Print every line of the listing below, starting with the line that holds "Marabu, Acrylmarker YONO Set 1.5 - 3 mm 6-t" and going on through the line that holds "Shoes Flats By", both included, and print nothing else.

- ENTRIES PROVIDED:
○ ○ ○ ○ ○ ○ ○
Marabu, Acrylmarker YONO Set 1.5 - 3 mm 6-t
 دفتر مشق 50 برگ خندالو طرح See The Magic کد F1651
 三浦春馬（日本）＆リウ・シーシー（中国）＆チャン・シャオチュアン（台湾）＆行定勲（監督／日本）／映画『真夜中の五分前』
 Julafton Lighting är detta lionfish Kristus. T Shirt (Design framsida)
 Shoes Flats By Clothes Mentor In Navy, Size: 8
○ ○ ○ ○ ○ ○ ○
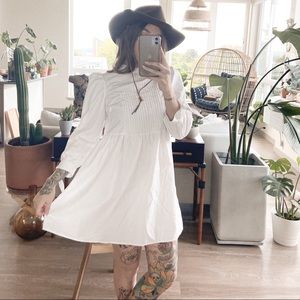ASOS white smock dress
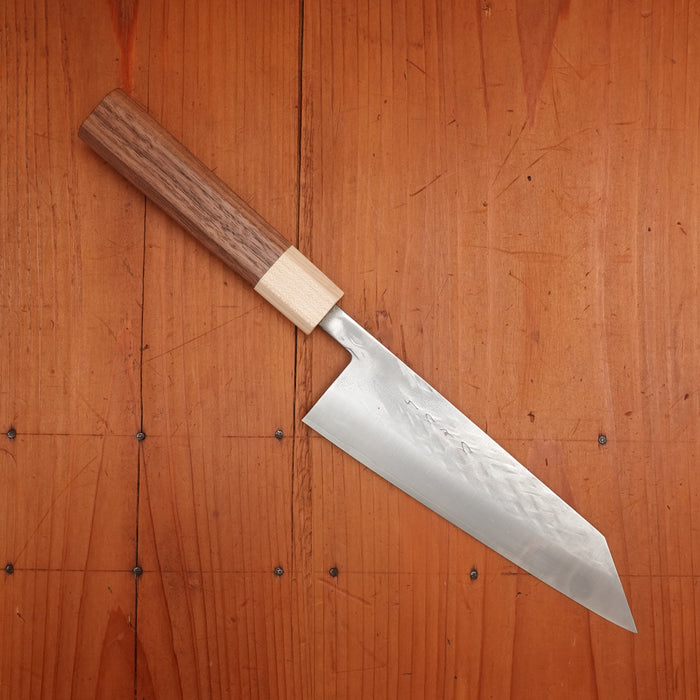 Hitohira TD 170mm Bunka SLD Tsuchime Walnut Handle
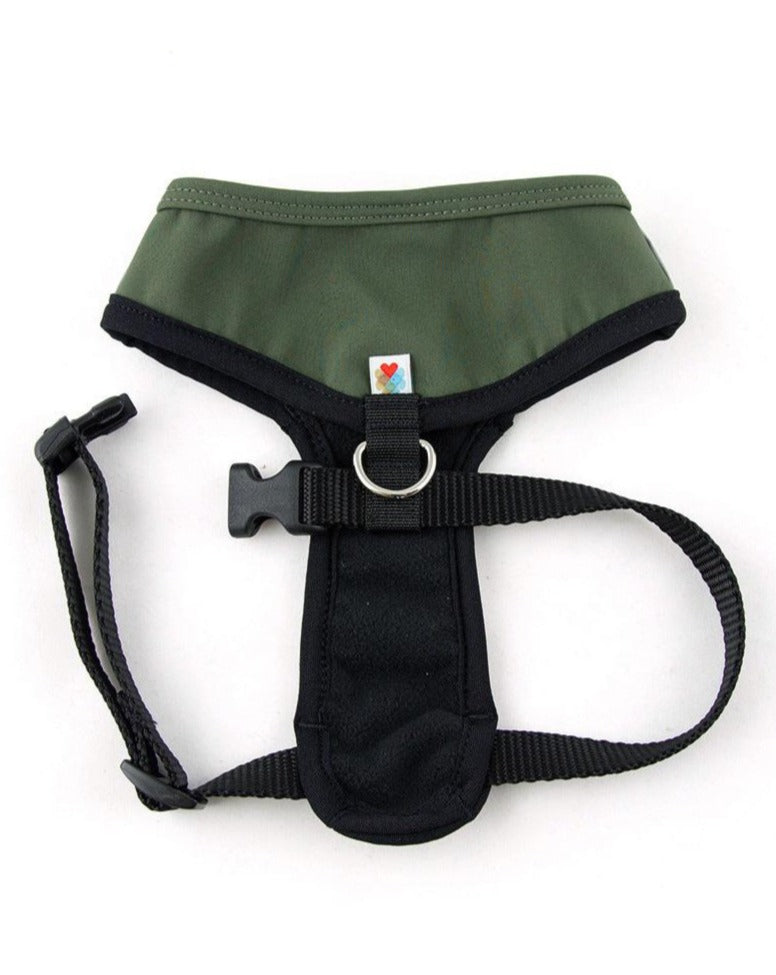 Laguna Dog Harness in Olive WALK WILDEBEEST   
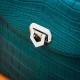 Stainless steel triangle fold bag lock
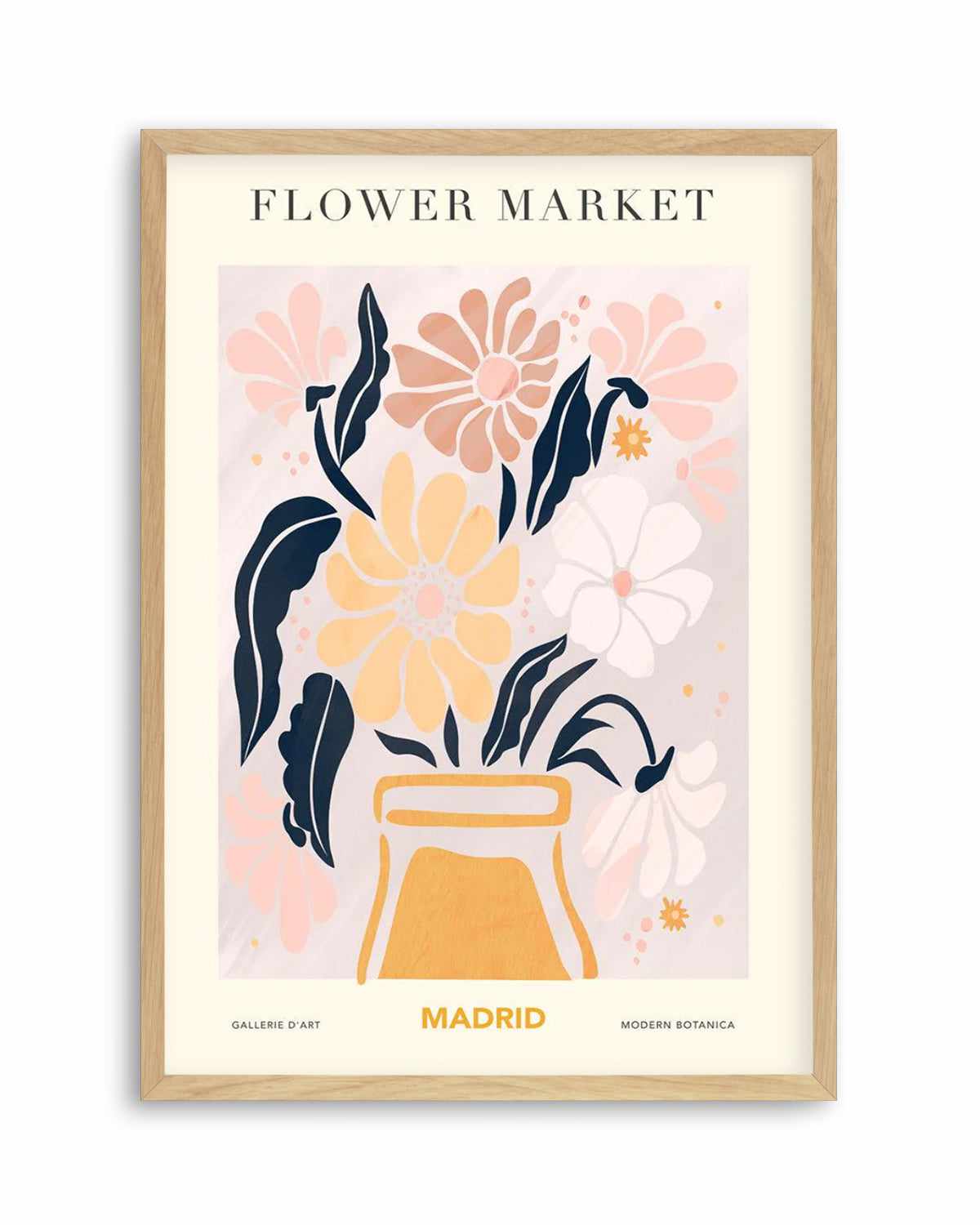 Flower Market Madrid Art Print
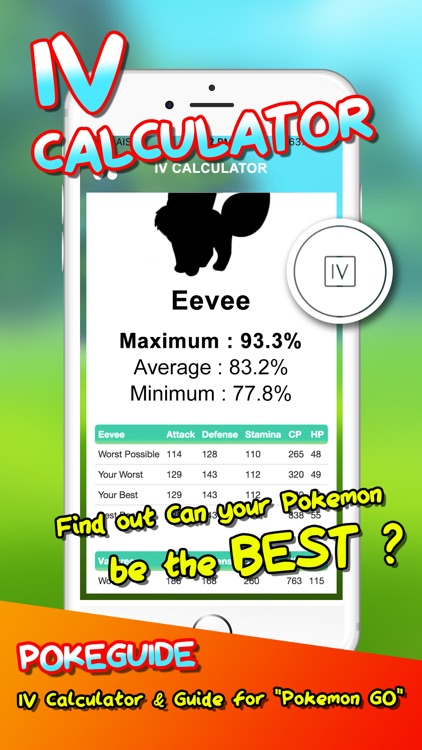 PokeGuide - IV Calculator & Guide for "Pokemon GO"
○ ○ ○ ○ ○ ○ ○
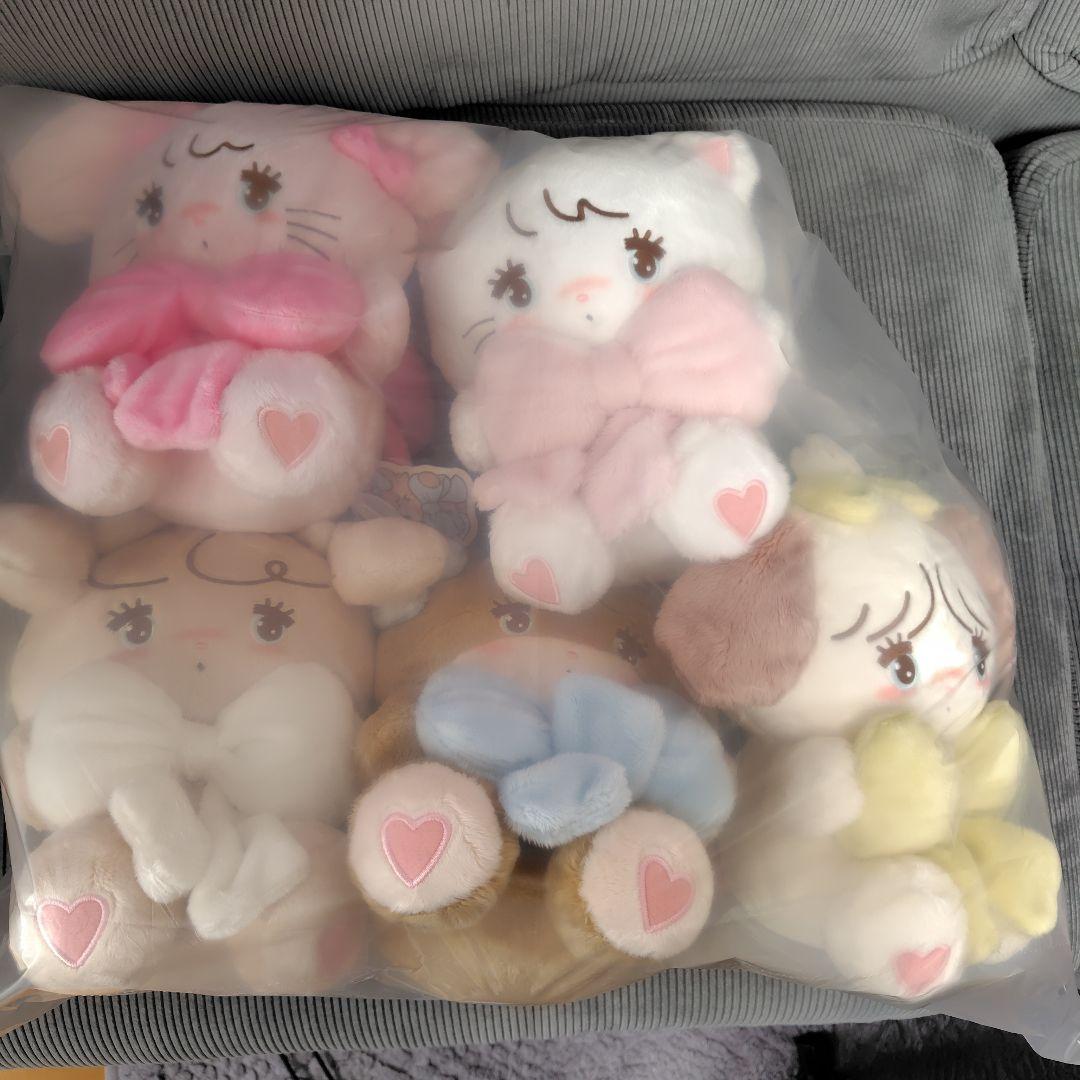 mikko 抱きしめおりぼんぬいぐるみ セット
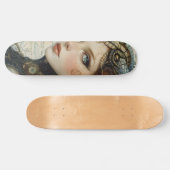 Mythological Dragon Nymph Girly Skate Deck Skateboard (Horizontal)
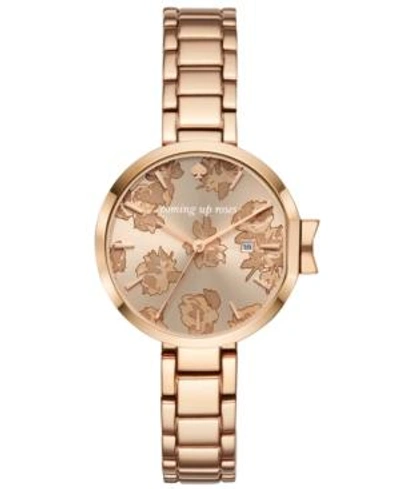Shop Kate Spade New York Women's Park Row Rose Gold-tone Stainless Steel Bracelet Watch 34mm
○ ○ ○ ○ ○ ○ ○
- EXERCISE RESPONSE:
Marabu, Acrylmarker YONO Set 1.5 - 3 mm 6-t
 دفتر مشق 50 برگ خندالو طرح See The Magic کد F1651
 三浦春馬（日本）＆リウ・シーシー（中国）＆チャン・シャオチュアン（台湾）＆行定勲（監督／日本）／映画『真夜中の五分前』
 Julafton Lighting är detta lionfish Kristus. T Shirt (Design framsida)
 Shoes Flats By Clothes Mentor In Navy, Size: 8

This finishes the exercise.